Having established that histone modification data together with a mixture of two regression models yields the most significant results we now investigate which type of modifications contribute most strongly to these models. We thereby restrict our analysis to the data from Th1 cells and the corresponding regulatory signals which obtain the largest absolute regression coefficients (results from other cell types closely resemble those from Th1 cells, see Additional File 1 for details).

For model 1, which explains the expression pattern of the most highly as well as moderately expressed genes, the histone modifications with largest influence are H3K4me3 and H3K27me3, with regression coefficients of +0.7975 and -0.4533, respectively. As shown in the top part of Fig. Fig.33 these two modification form a gradient with H3K4me3 being most frequently found in the highly expressed genes while being absent in moderately to lowly expressed genes. In contrast, H3K27me3 is consistently detected in promoters of lowly expressed genes but appears weaker or even absent in promoters of highly expressed genes.

For model 2, which explains the transcriptional activity of a small subset of highly expressed as well as most of the lowly expressed genes, we again find H3K4me3 to have the strongest positive regression coefficient (*b* = 0.71). This is reflected by a strong association of this modification with the most highly expressed genes of this set (see Fig. Fig.3).3). In contrast, H3K27me3 obtains a regression coefficient of close to zero (*b* = 0.03) in this model as this modification appears with the same intensity in nearly all genes assigned to model 2.

An alternative view of this results is presented at Fig. Fig.4.4. There, we have the interpolated values of the histone modifications against the gene expression, the linear models for each component and the resulting mixture model. Clearly, dependence of H3K27me3 on gene expression is not linear, as low expressed genes all present a high presence of histone modifications. This non-linearity is captured by the mixture model (red line), and explains the lowest MSE errors obtained when more than one linear models is applied. To see whether the influence of TFs may contribute to this effect we next look in detail at the results obtained from combined histone and TF data together with a mixture of three correlation models. As shown in Fig. Fig.5),5), we see similar results in respect to the histone markers: H3K4me3 as enhancer and H3K27me3 as inhibitor of expression for genes with high expression and H3K4me3 as enhancer for genes with low expression. Moreover, only for the genes with high expression, there are some TFs (Pax5, Stat5, Meis/Hox, Iscbp) promoting gene expression and a TF (MyB) inhibiting expression. For all TFs, regression coefficients were in the range of 0.1 to 0.15 (see Additional File 1 for additional results). For genes with low expression, we found no relation between the TFs binding affinities and expression. Th1 cells are known to be regulated by T-bet and Stat4 [1]. While our study lacked the PFM of T-bet, it listed the closely related Stat5 as a positive regulator of the genes with high expression. In relation to factor related to inhibition, there has been a recent implication of c-MyB to bind to H3 histone tails and to promote histone acetylations in Humans [22]. These results indicate a putative role of the MyB in down-regulating the expression of genes during CD4+ T differentiation by promotion of epigenetic changes.
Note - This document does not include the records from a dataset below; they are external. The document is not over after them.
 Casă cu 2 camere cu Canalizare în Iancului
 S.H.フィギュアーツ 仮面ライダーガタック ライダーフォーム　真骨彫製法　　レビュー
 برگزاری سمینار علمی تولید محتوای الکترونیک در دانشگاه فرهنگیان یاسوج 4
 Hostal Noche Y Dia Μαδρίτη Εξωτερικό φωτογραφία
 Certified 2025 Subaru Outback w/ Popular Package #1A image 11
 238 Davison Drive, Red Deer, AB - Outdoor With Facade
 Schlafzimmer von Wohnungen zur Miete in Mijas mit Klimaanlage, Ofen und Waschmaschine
However, further acytilation modification data would be required for a better characterizaion of the role of this factor.

Several computational biology methods have been previously proposed for the use of linear models for predicting gene expression in the context transcription factor binding [10,11] or histone modifications [12]. In all cases, distinct datasets were used and results are not directly comparable. In relation to [12], the analysis were based on Human naive CD4+ T cells and included 38 histone modifications. Their predicted model obtained a correlation coefficient of 0.72 on genes with low CpG content with HM H3K4me3 and H3K79me1, while our method had a coefficient at the range 0.64 – 0.68 for one model and 0.85 – 0.87 for two models for H3K4me3 and H3K27me3 data. The increase of the correlation coefficient from single linear models to two linear models is an indication that all these approaches would profit from the use of the mixture of linear regressions framework.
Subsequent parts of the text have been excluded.